### Data for processing
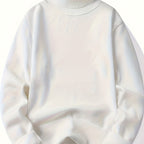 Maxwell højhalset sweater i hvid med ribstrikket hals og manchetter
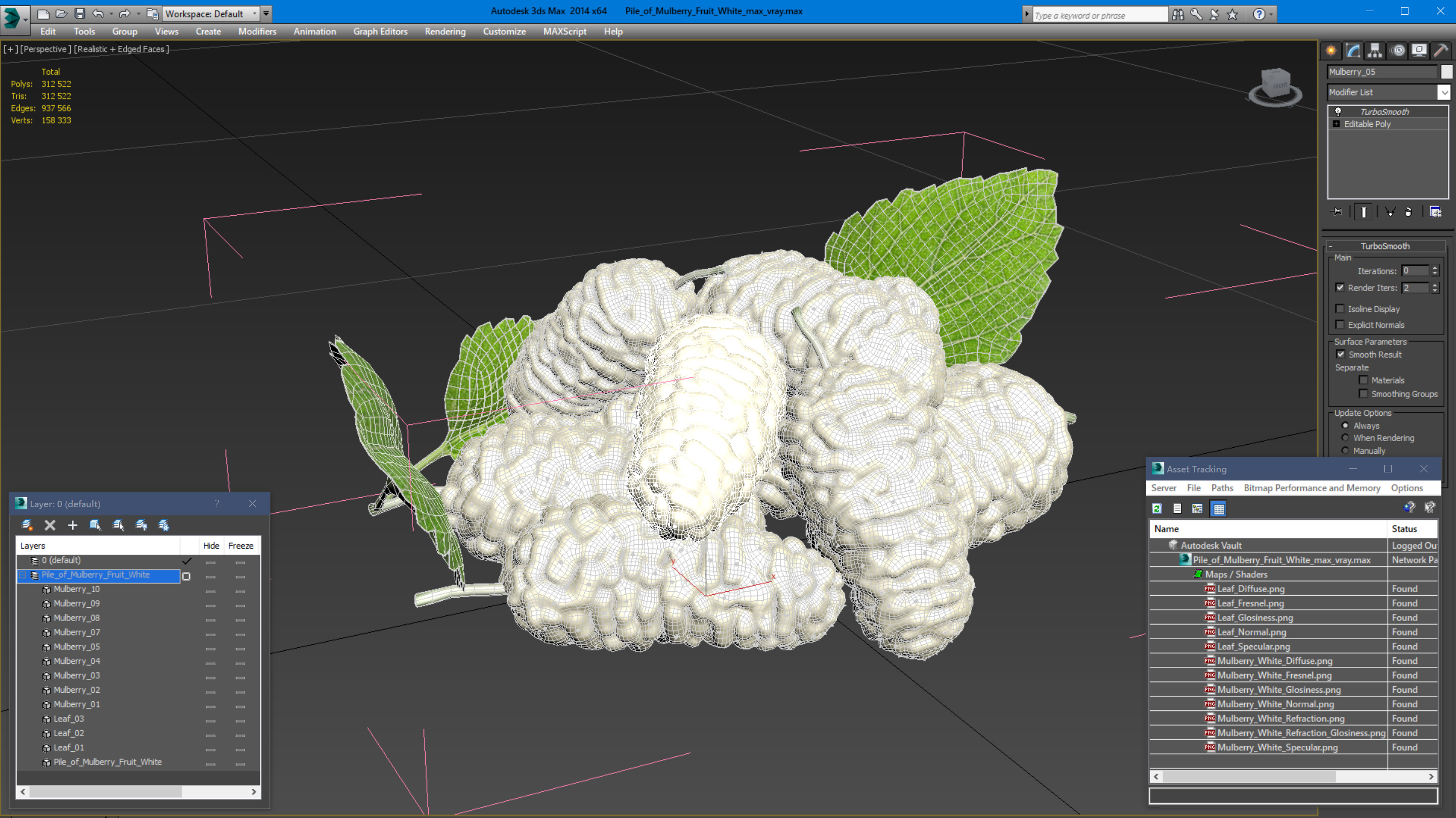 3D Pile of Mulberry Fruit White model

* * *

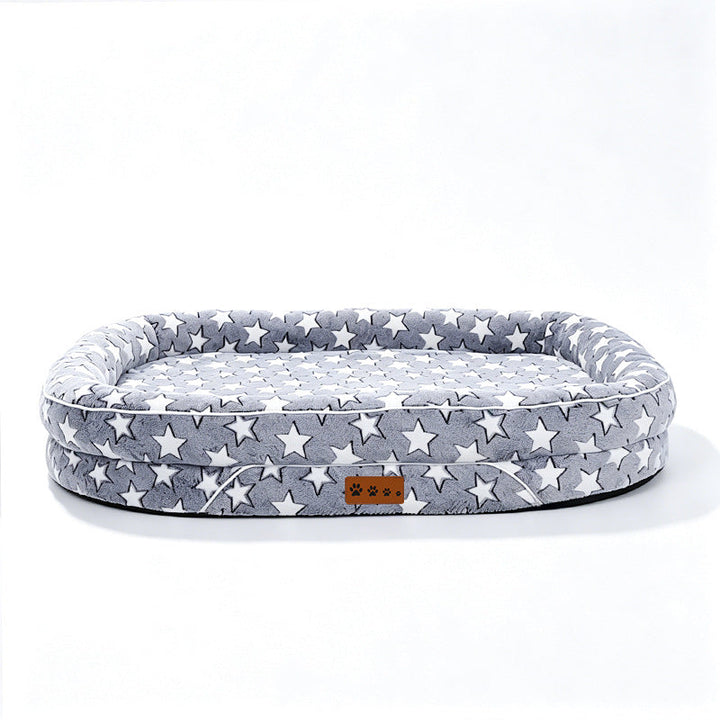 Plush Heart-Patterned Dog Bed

...

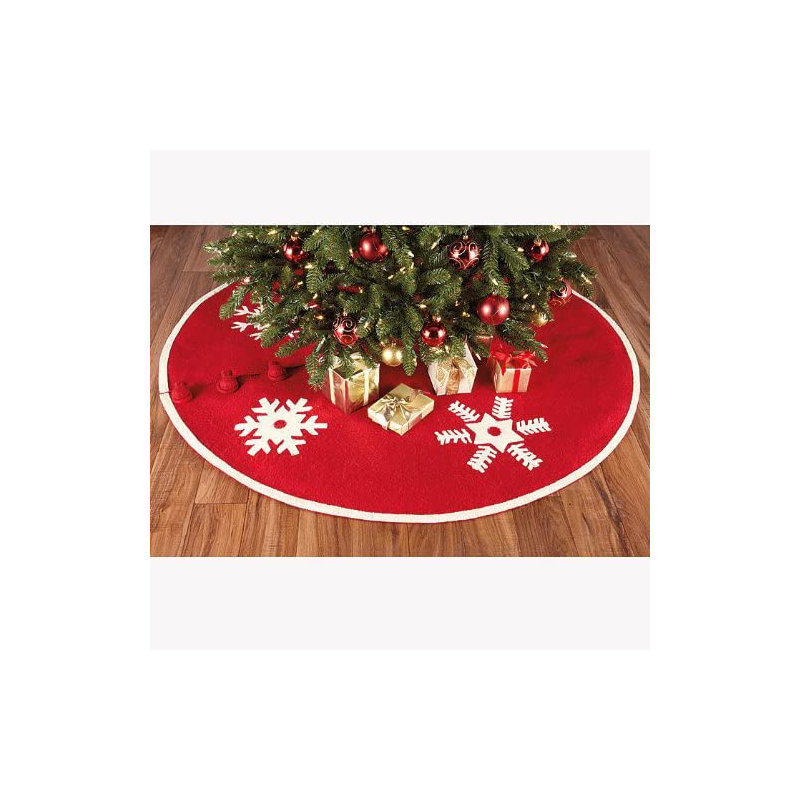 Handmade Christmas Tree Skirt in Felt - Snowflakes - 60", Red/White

### Your assignment
How would the lines above read from the one with "Maxwell højhalset sweater" to the one with "3D Pile of Mulberry Fruit White model", inclusive, with no pictures? Write them out exactly.

### Solution to this exercise
 Maxwell højhalset sweater i hvid med ribstrikket hals og manchetter
 3D Pile of Mulberry Fruit White model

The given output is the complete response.